Nos pequenos espaços rodeados de concreto, no centro da cidade, moradores cultivam os próprios alimentos
Imagine poder fazer uma refeição com alimentos cultivados no fundo do quintal de casa. Essa realidade parece ser algo distante de quem mora nos centros urbanos. No entanto, entre imensas paredes de concretos e grades que dão forma à cidade de Montenegro, espaços verdes resistem e proporcionam à população uma diferente perspectiva de vida a partir do cultivo de pequenas hortas urbanas.
Seja um temperinho, legumes, chá ou salada, a verdade é que os pratos preparados com ingredientes frescos proporcionam um sabor especial, ainda mais quando a produção envolve toda a família. Na casa da professora Valdicéia Haubenthal da Rosa, nos finais de semana, as refeições contam com um toque que faz toda a diferença. “Sempre tiro alguma coisa da nossa hortinha cultivada no fundo de casa, é muito gostoso, já que todo mundo ajuda”, revela a educadora.
Em algumas floreiras coloridas e dentro de uma geladeira que iria para o lixo, a família da professora produz alface, tomate, pimentão, chás, temperos como alecrim e salsa, entre outros. No fundo do quintal, o contraste entre o muro pintado e o verde da horta da família revela uma prática que mistura educação, saúde, ativismo e preservação ambiental.
“Mesmo quando morávamos em apartamento, já tínhamos horta, com o tempo e isso passou a fazer parte do nosso dia a dia. Através desse cultivo, buscamos ter uma alimentação mais saudável, mais orgânica e nutritiva”, diz Valdicéia. “Quando nossos parentes do interior chegam aqui em casa e notam que, mesmo morando na cidade, mantemos essa prática, é gratificante ver a reação deles.”
No Centro de Montenegro, onde se concentra boa parte dos prédios do município, uma proposta chama atenção pela capacidade de unir os mais diferentes debates em poucos metros quadrados de verde; é a horta comunitária do Espaço Comunitário Vale do Caí. O coordenador do local, Ezequiel Souza, conta que a ideia surgiu através da necessidade de despertar vários debates sociais entre a população montenegrina.

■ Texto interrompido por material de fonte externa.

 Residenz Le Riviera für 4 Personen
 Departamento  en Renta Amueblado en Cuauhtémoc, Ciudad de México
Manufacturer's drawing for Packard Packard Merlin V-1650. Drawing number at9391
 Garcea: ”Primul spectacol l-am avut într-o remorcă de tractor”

“A alimentação saudável e o cuidado com o solo é uma das pautas que permeia essa transformação na sociedade que nós estamos diariamente buscando”, justifica Souza. “Um dos objetivos do Espaço Comunitário é oferecer almoços com custos mais acessíveis e, a partir dessa iniciativa, nós percebemos que os fundos da casa poderiam ser ocupados com canteiros para produção de alimentos para nossas refeições.”
Com a colaboração da comunidade em geral, a falta de ingredientes deixou ser um problema para os almoços coletivos. No pequeno espaço de 13×4 metros quadrados, a abundância de legumes e hortaliças mostra o potencial produtivo que um pequeno pedaço de terra pode ter. Além da produção limpa, outras questões são debatidas a partir dos processos que envolvem o cultivo da horta.

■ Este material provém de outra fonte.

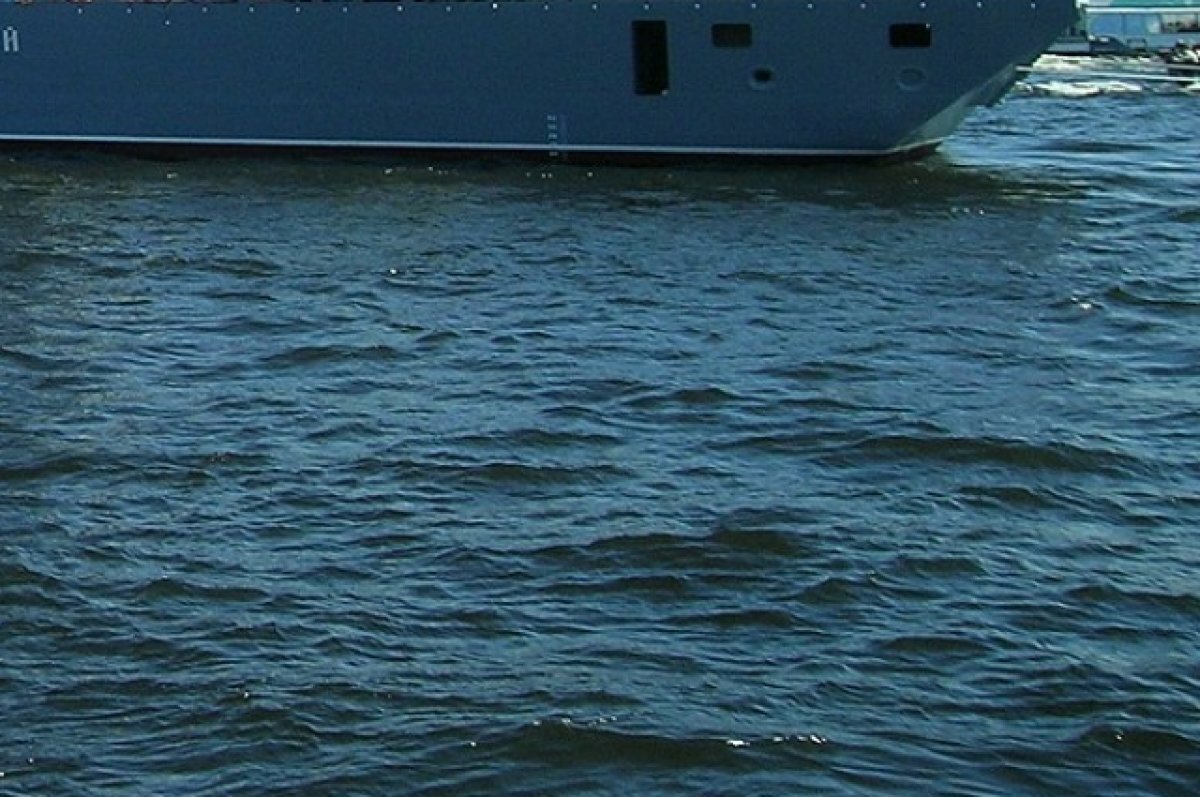    РИА Новости: первый в РФ стелс-корабль перепроектируют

“Temos muitos moradores que trazem o lixo orgânico de casa para nossa composteira”, acrescenta o coordenador. “Isso é muito importante porque as pessoas começam a ter, em casa, uma consciência sobre separação do lixo, o que contribui com o trabalho dos recicladores quando encontram apenas o lixo seco na lixeira”, aponta Ezequiel.
Trabalho de formiguinha na conscientização
Com a expansão e o desenvolvimento econômico do meio urbano, novas necessidades surgem, dando espaço a uma tendência que ganha cada vez mais adeptos. Como em um trabalho de formiguinha, feito de forma paciente e coletiva, as pessoas que cultivam hortas urbanas são responsáveis por cerca de 15% a 20% de todo o alimento produzido no mundo, segundo o estudo Estado do Mundo – Inovações que Nutrem o Planeta, da Worldwatch Institute (WWI), do instituto de pesquisa sobre questões ambientais.

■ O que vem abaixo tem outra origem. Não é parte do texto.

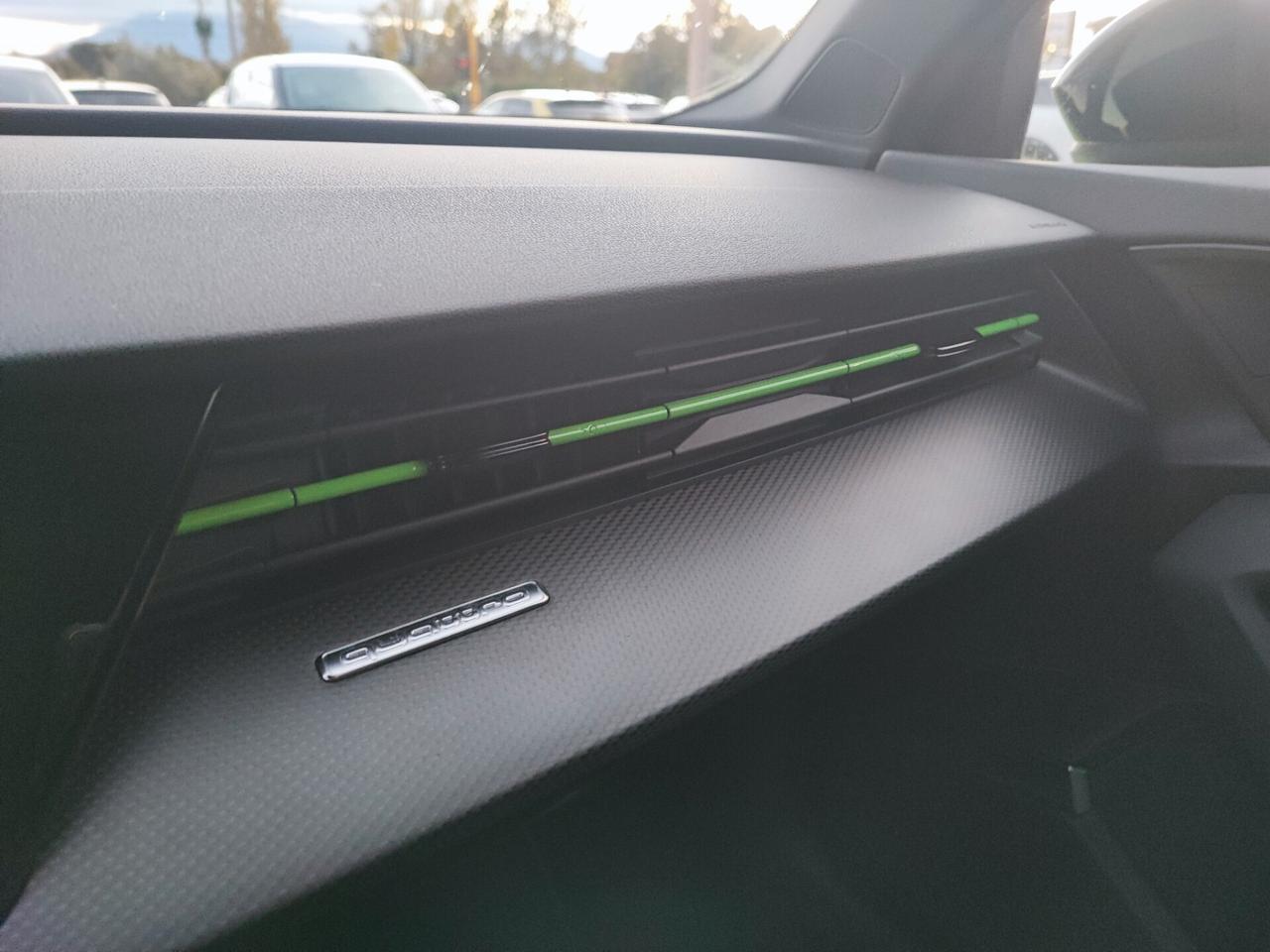 Audi A3 RS 3 SPB TFSI QUATTRO STRONIC FULL+++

Para a professora Valdicéia Haubenthal da Rosa, manter uma horta urbana possibilita uma aprendizagem fundamental, principalmente entre as crianças. Mãe da pequena Ana Júlia, 10, ela conta que a filha colabora e se preocupa com a qualidade do alimento que chega à mesa. “Se eu não tenho muito tempo, ela acaba cuidando e, por conta desse hábito, hoje nós procuramos consumir mais alimentos orgânicos”, diz. “O chá de hortelã é o que ela mais consome.”
Na horta comunitária do Espaço Comunitário Vale do Caí, todos os processos são desenvolvidos de forma coletiva, onde o trabalho voluntário de cada colaborador é de fundamental importância. “O cuidado da horta acontece através das pessoas que contribuem com mutirões de limpeza, com doação de sementes crioulas ou com adubo”, explica Ezequiel Souza. “É muito bom quando sentamos à mesa para compartilhar um alimento que foi produzido por várias mãos. Assim, nos enxergamos em sociedade.”
Distribuição dos espaços na cidade
Aproveitar ao máximo os espaços urbanos. É o que busca uma parcela da população preocupada com os avanços econômicos que não caminham na mesma direção de alternativas mais sustentáveis de sociedade.
“É desafiador manter uma horta urbana, ainda mais quando estamos falando dos muros e edifícios altos que compõem a cidade, o que reflete na limitação do sol, da chuva e do vento”, destaca Ezequiel Souza. “Nesse sentido, penso que a distribuição do espaço urbano seja pensando a partir da possibilidade de produção independente e sustentável de casa residência.”
Facilidades no cultivo em zonas urbanas
Mesmo que em quantidade pequena, produzir alimentos em casa requer alguns cuidados, o que acaba levando muitas pessoas a desistirem da ideia. O extensionista da Emater, Everaldo Silva, explica que, diante dos desafios, os moradores do meio urbano têm algumas vantagens que, às vezes, não são levadas em consideração.
“Além da assistência técnica, a população da cidade consegue ter mais aceso aos canais de informação, como a internet, que auxilia na consulta de sites com boas dicas, e orientação nas agropecuárias com relação ao modo de cultivo de algumas mudas”, salienta Everaldo. “Os principais cuidados devem ser em relação ao sol, de preferência que privilegia a luz da manhã”, orienta. “Lugares muitos úmidos devem ser evitados.”